Platform	Gang	Worker	Vector
Multicore CPU	Whole CPU (NUMA domain)	Core	SIMD vector
Manycore CPU (e.g., Xeon Phi)	NUMA domain (whole chip or quadrant)	Core	SIMD vector
NVIDIA GPU (CUDA)	Thread block	Warp	Thread
AMD GPU (OpenCL)	Workgroup	Wavefront	Thread

Table 1: Overview of different architecture and functionality of gang, worker, and vector

Furthermore, OpenACC provides the two primary compute kernels, as we have discussed earlier. At the same time, the clauses are also varying for these two kernels, which can be seen in Table 2.

	OpenACC Kernels	OpenACC Parallel
Threads	vector(expression)	vector_length(expression)
Warps	worker(expression)	num_workers(expression)
Thread Block	gang(expression)	num_gangs(expression)
Device (nvidia or radeon)	device_type(device name)	device_type(device name)

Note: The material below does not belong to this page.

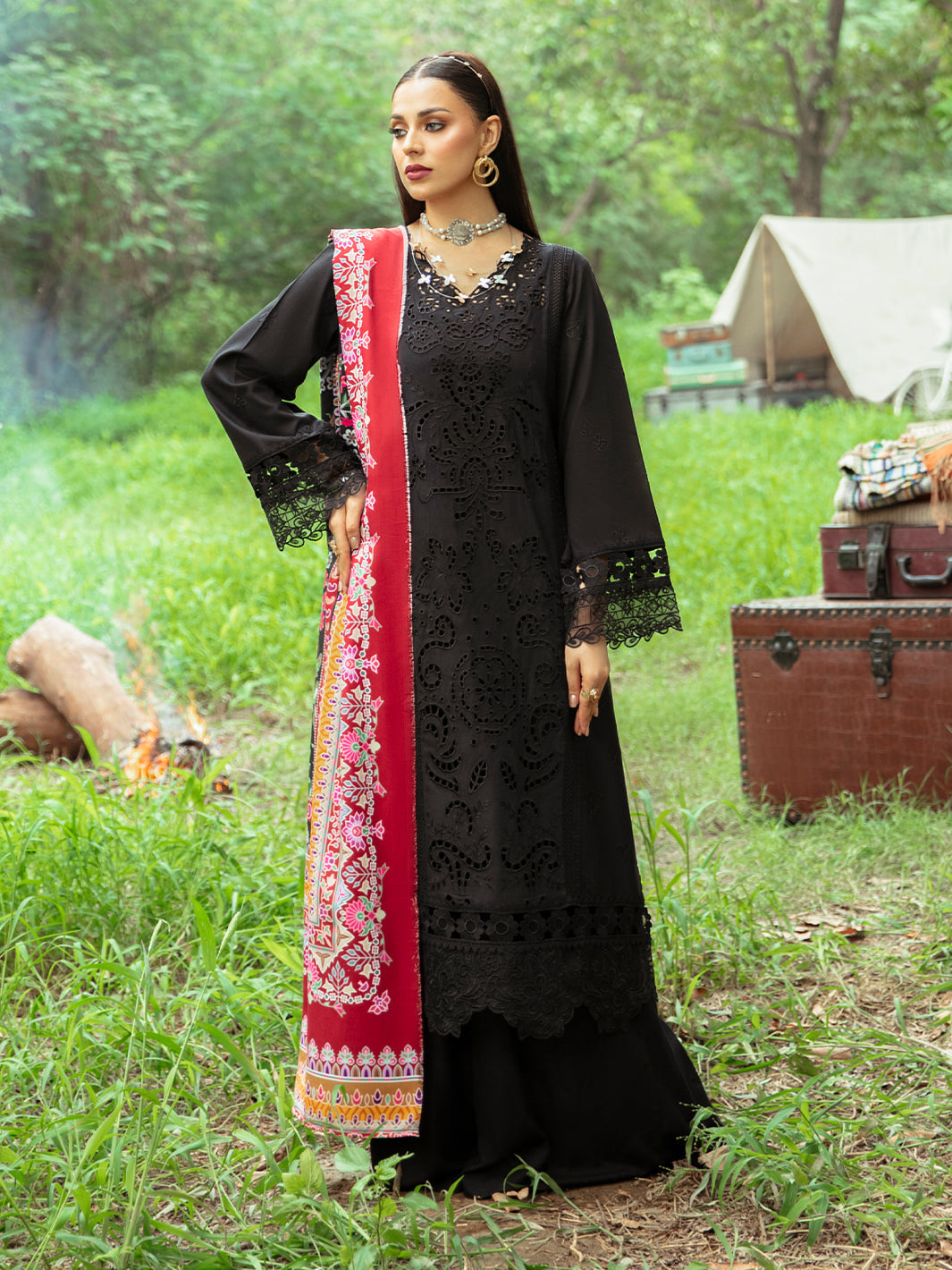 Mahnur | Hazel Winter 24 | LYLAH - Official Mahnur stockist in UK - Sakeena London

Table 2: CLAUSES for parallel and kernels

Now let's consider a simple example, where we can optimize the thread blocks in the computation. In the CUDA we specifically mention, how is our thread blocks should be executed. Whereas on the OpenACC we can not provide like in CUDA. But, we can use the clauses to control the thread blocks in the OpenACC. By default, the OpenACC compiler chooses the best combination of the threads blocks depending on the architecture. However, sometimes, this option does not work depending on the problem you are trying to compute. The below example shows the simple case of default threads created by the compiler.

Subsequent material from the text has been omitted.